## AIM OF THE TASK:
Would you transcribe the entries below, beginning at the line with "Стая дельфинов перед носом корабля" and ending after the line with "Ландшафтный дизайн участка с САДОМ ГОРТЕНЗИЙ", exactly, with no picture and nothing more?

## SOURCE MATERIAL:
··········
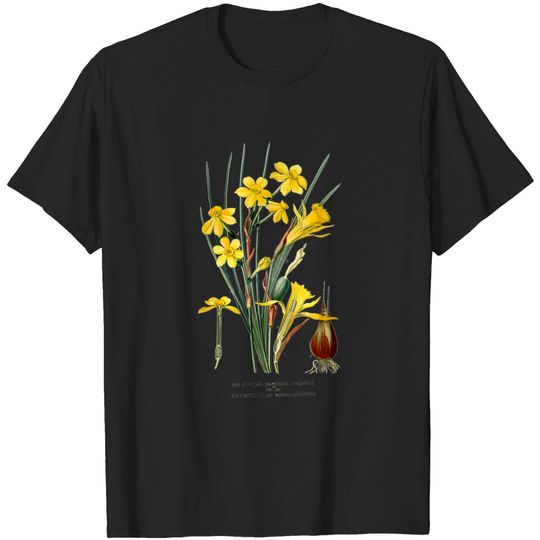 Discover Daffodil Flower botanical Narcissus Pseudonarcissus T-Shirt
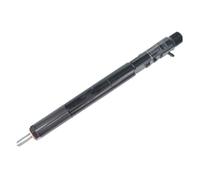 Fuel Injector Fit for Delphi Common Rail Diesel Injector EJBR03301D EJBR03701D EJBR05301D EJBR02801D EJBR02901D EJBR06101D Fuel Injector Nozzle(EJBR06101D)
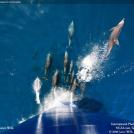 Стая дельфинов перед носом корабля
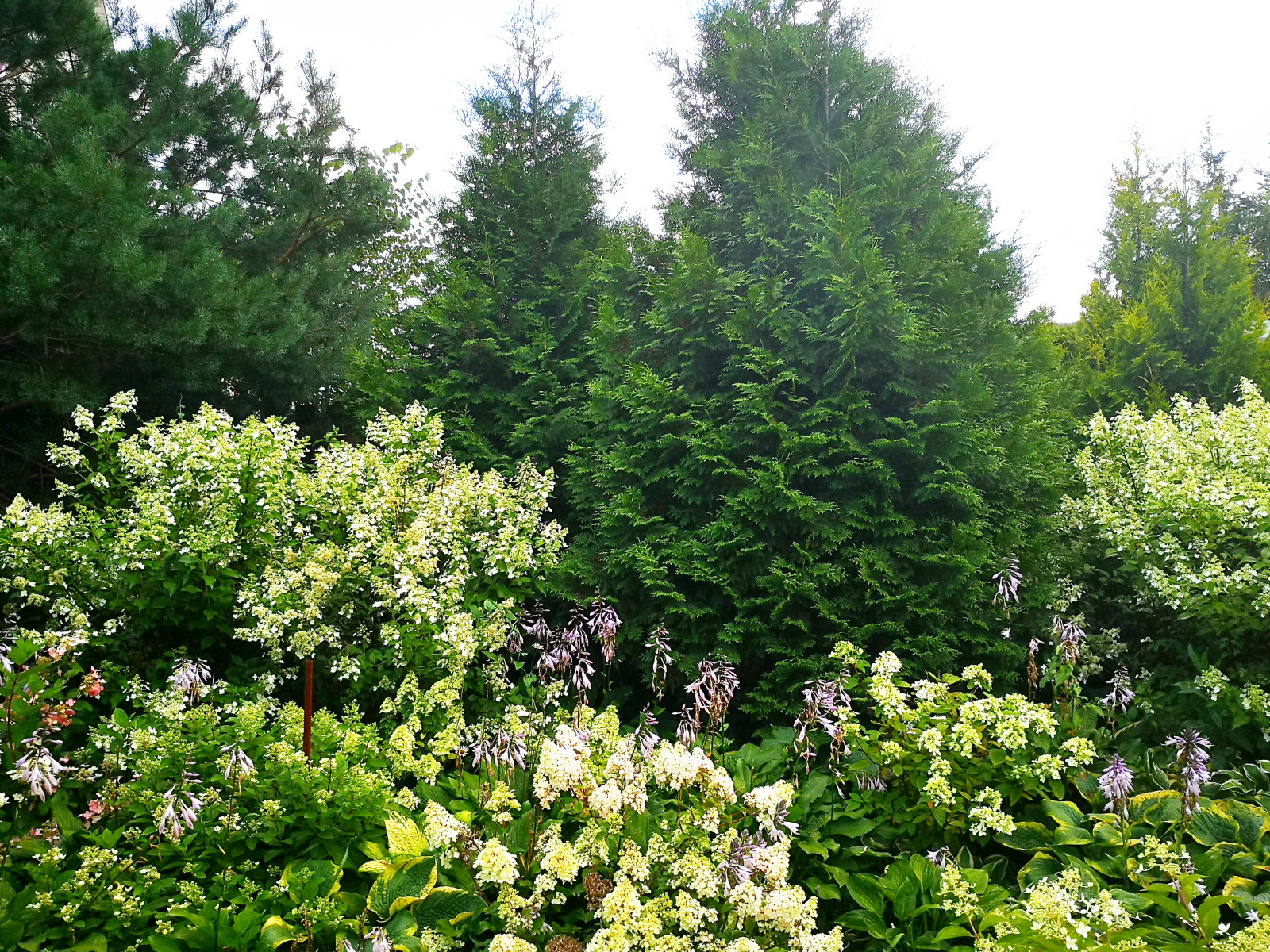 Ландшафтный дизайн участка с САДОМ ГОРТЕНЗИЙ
··········
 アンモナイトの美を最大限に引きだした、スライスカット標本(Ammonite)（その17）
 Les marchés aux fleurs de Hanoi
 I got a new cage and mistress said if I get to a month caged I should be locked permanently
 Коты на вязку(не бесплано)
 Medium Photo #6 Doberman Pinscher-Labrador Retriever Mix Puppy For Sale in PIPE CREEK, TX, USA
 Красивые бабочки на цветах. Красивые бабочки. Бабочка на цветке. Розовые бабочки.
··········
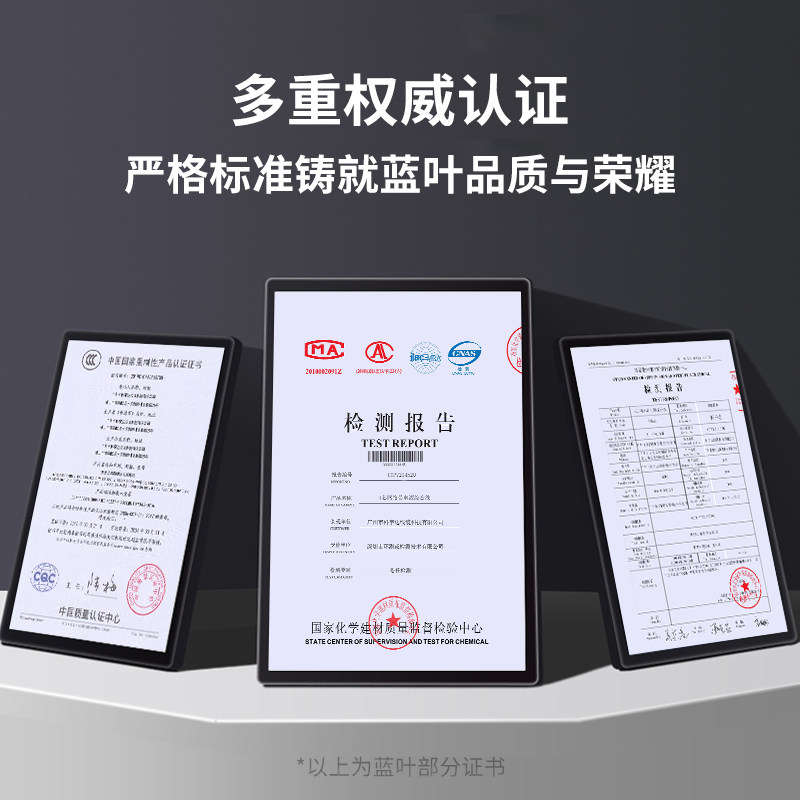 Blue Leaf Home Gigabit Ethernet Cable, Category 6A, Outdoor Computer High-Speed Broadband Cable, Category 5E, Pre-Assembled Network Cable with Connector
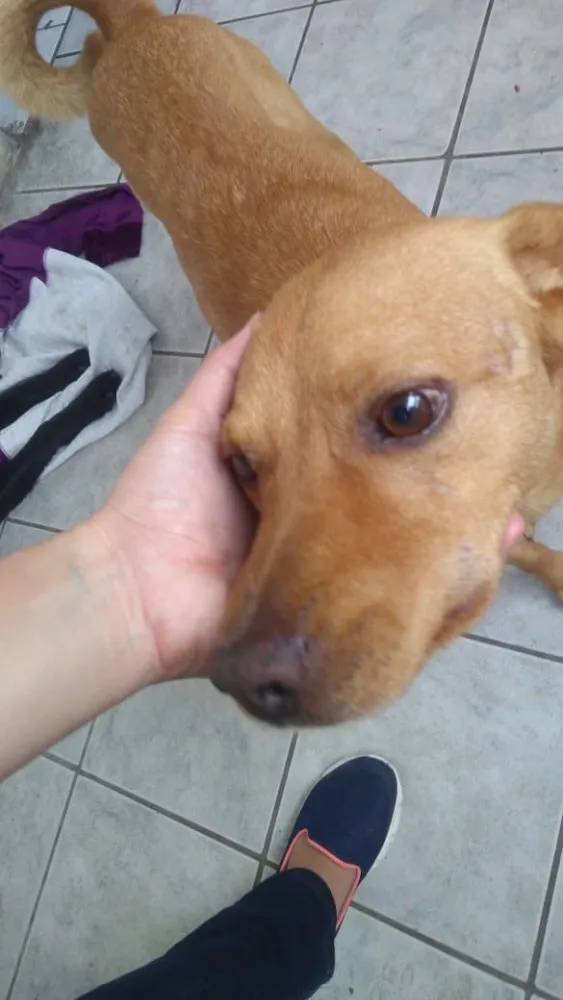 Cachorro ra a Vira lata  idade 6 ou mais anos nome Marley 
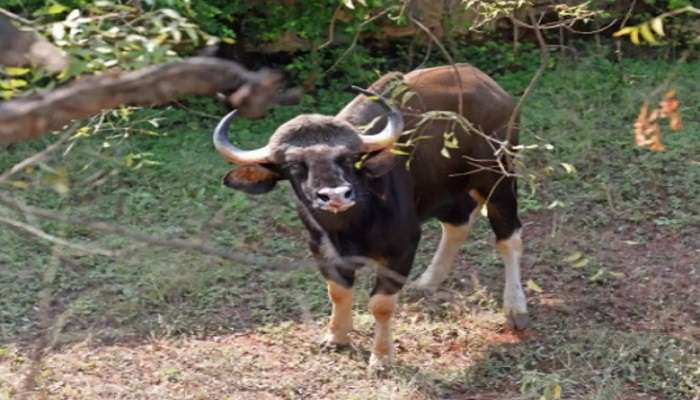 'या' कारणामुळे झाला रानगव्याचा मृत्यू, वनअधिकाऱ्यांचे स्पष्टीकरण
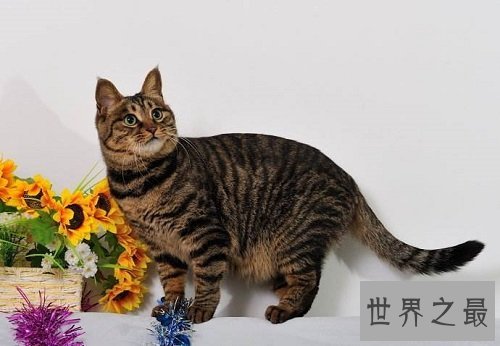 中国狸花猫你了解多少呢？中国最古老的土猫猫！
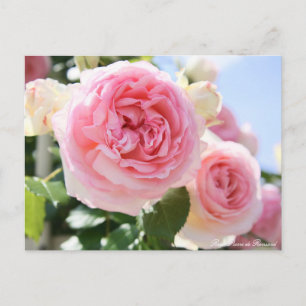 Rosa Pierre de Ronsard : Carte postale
··········
## TASK RESPONSE:
 Стая дельфинов перед носом корабля
 Ландшафтный дизайн участка с САДОМ ГОРТЕНЗИЙ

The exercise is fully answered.